He was born in a coal mining town in Shropshire, England and one of his neighbors prophesied that he would grow up to be a thief because when he was a baby, his mother cut his finger nails instead of biting them off.
Worked in a coal mine at eleven years of age
When he was eleven years old, he worked in a coal mine and continued this occupation underground for ten years to help support his younger brothers and sisters. He worked as a ‘pony boy’ in the mines, and while he waited for his cart to be unloaded, he pulled a book out of a pocket and read by the light of a dim, dirty, old lantern. He seldom had more than two minutes to read during these breaks in his 8-hour day, but he always carried a book.
Read himself out
S. Packes Cadman knew that the only way out of the coal mine was to read himself out. During his ten years in the mine, he read every book he could beg or borrow in the neighboring village. Ten years after he started, he had educated himself enough to pass his college examinations with honors and was awarded a scholarship at Richmond College in London.
Went to the United States
After graduating from seminary, Samuel Parkes Cadman (December 18, 1864-July 12, 1936) moved to the United States to pastor a local Methodist church in Millbrook, New York. Eventually, he became “the first of the radio pastors” and his sermons reached the ears of millions.

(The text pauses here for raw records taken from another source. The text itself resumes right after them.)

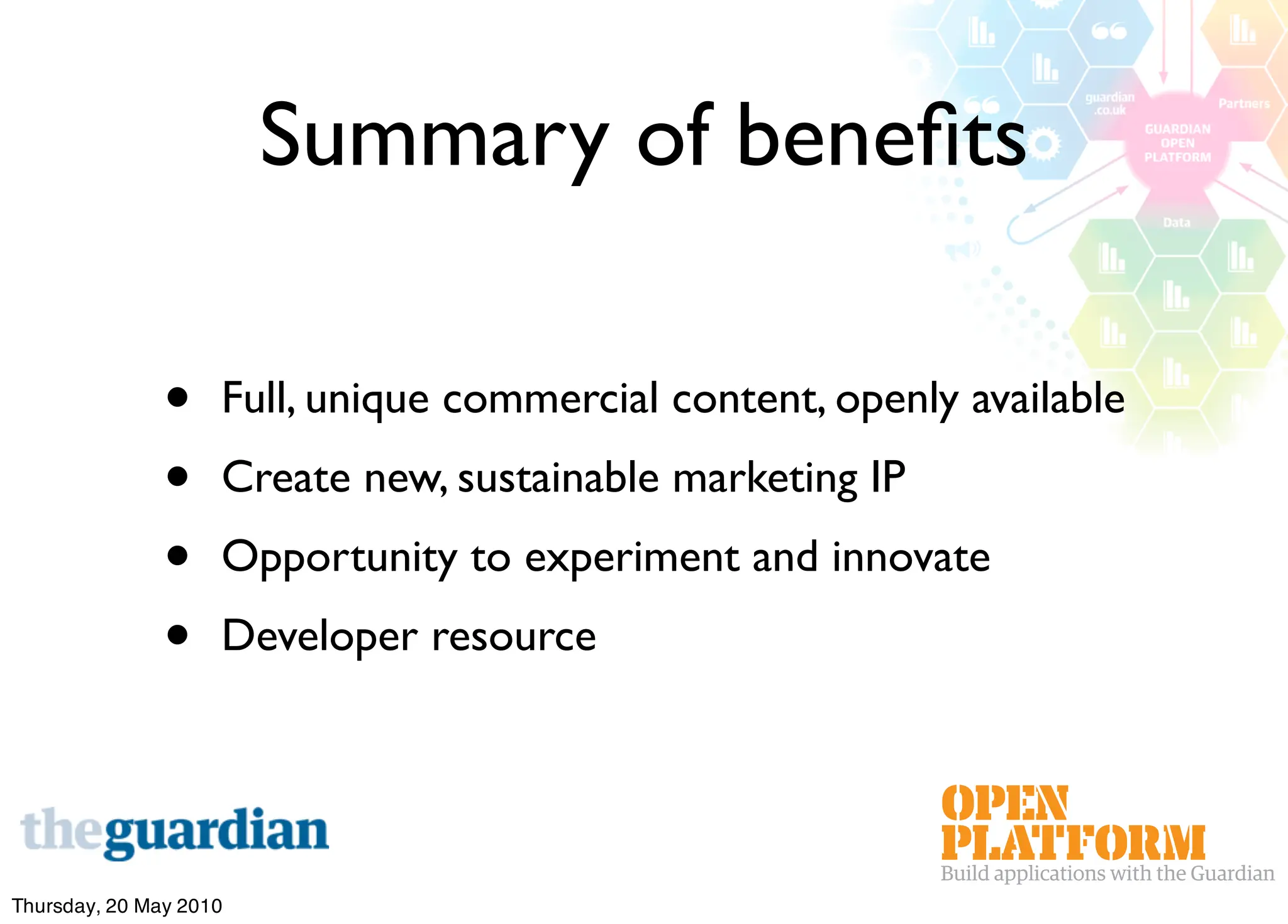 Summary of beneﬁts

               •    Full, unique commercial content, openly available
               •    Create new, sustainable marketing IP
               •    Opportunity to experiment and innovate
               •    Developer resource




Thursday, 20 May 2010
 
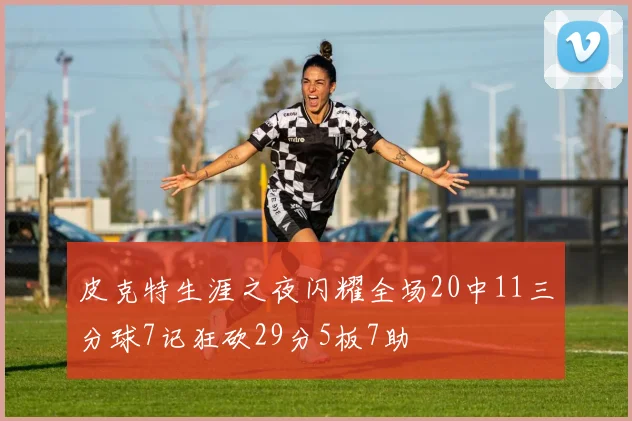 皮克特生涯之夜闪耀全场20中11三分球7记狂砍29分5板7助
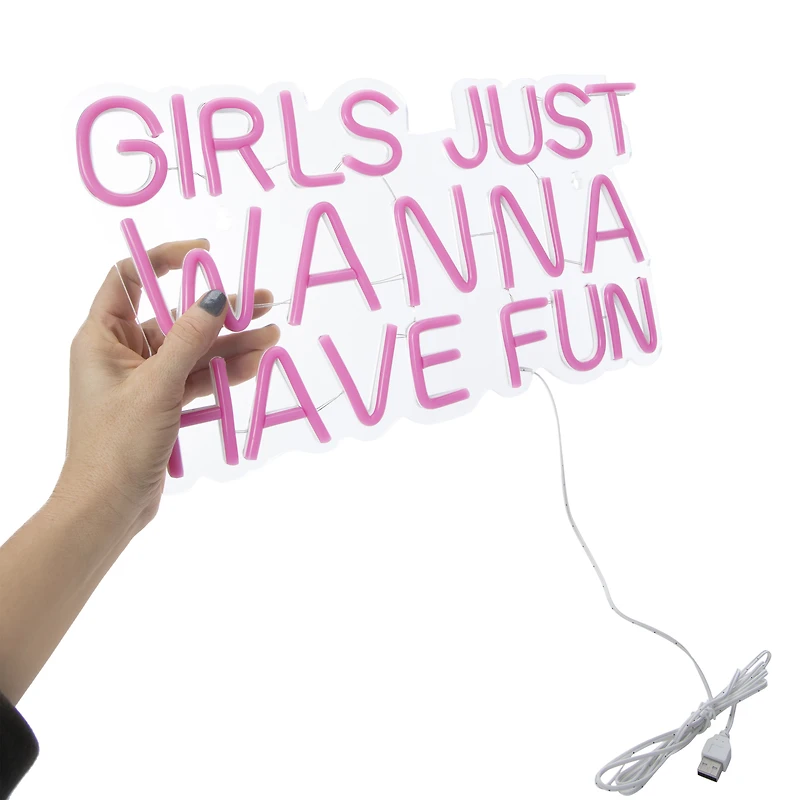 Girls Just Wanna Have Fun Neon LED Light 16in x 8.7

Samuel Parkes-Cadman (dawleyheritage.co.uk)
Condemned the Nazi Party
Known as an American clergyman, newspaper writer, and a pioneer of Christian radio broadcasting during the 1920s and 1930s, Cadman wrote an article “condemning the Nazi German government for the firing of theologian Karl Barth from a German university post as a result of the professor’s outspoken opposition to the Nazi regime and adamant refusal to sign an oath of allegiance to Adolf Hitler. Cadman later called for the U. S. to boycott the 1936 Summer Olympics in Berlin, Germany because of the Nazis’ anti-Semitic policies.